When I switch to a new phone, there is usually the typical adjustment period where I get used to the new "sound" of the phone. Coming directly from the 4G, for me, the 3D may take more "getting used to" than usual.

I am having a hard time finding a sweet spot with the volume. If I turn it up, the audio blasts and is just uncomfortably loud. I turn it down, and it becomes acceptable until the other party talks more softly or trails off. That portion of the discussion becomes inaudible / unintelligible. The intensity of the caller's voice (volume) seems to fade up and down.

My landline (Charter VoIP) test, also my mom, once crystal clear now sounds muddy, with inconsistent volume, but more importantly, she has a harder time hearing me. I noticed a major uptick in the amount of times she asked me to repeat myself, from nearly none on the 4G to 5-6 times in one conversation on the 3D. Her difficulty to discern my consonants was a big factor.

Other tests, mostly with other Sprint customers, yielded similar results.
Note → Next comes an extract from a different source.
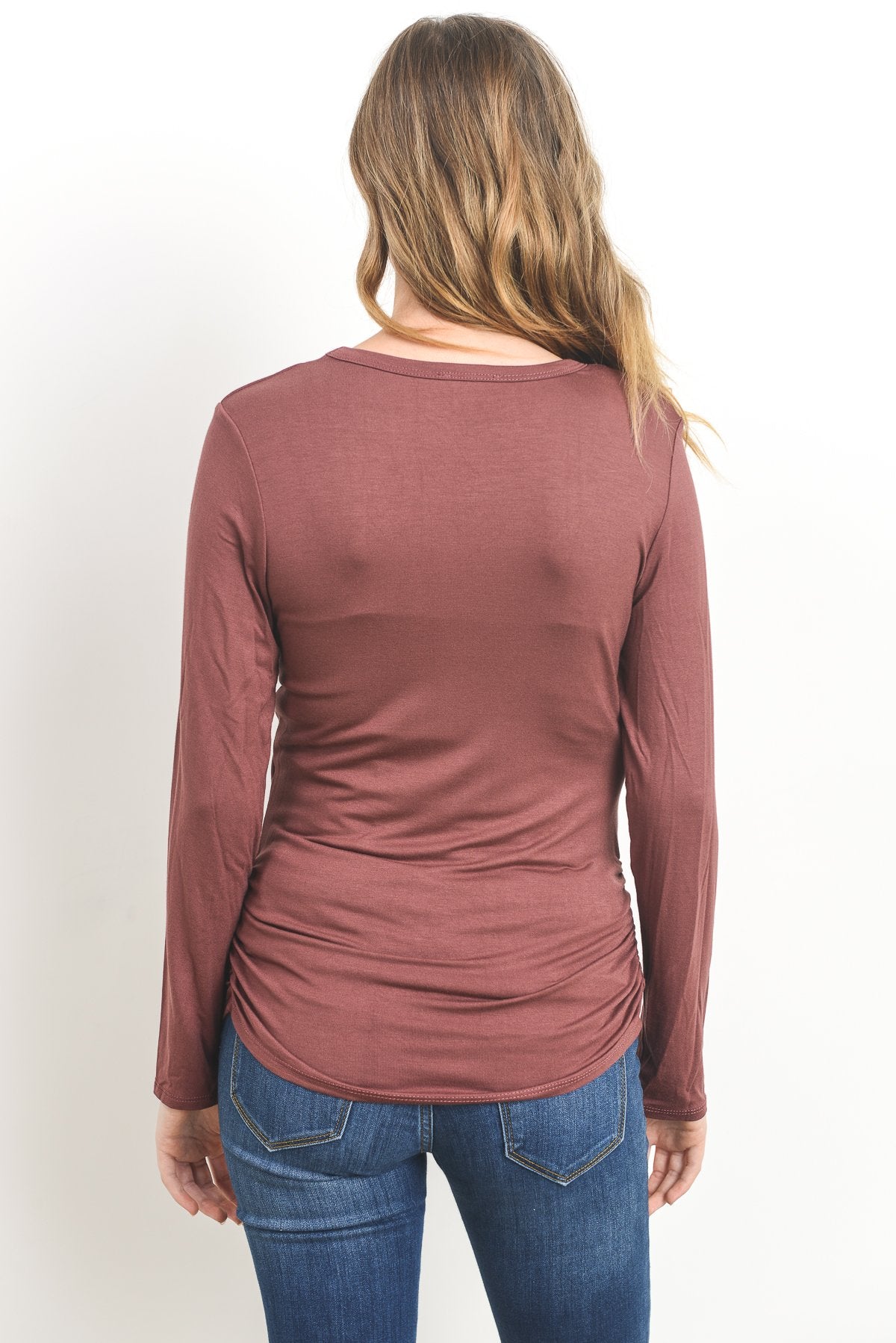 Ruched Long Sleeve Maternity & Nursing Top in Red Brown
Inconsistent volume, fading, and a lot of "huh?"s and "what's that?"s from both parties.

As someone else described, the ringback definitely sounds choppy, and fades in and out. Each time I call out I find myself checking my signal because I associate choppy ringback with poor signal strength. Makes me also wonder, if the ringback is this choppy, maybe this translates in the inconsistent voice quality I'm noticing?

I just called my voicemail and *2 in testing. A "control" because I know what the Sprint ladies always sound like. They were garbled and inconsistent as if the phone was struggling with signal, though signal strength is perfectly fine.

**Yet another update, calling my co-worker (albeit on AT&T), had to repeat myself several times "I'm having a hard time hearing you." This sucks.

For my tests, I had full, non-airave signal.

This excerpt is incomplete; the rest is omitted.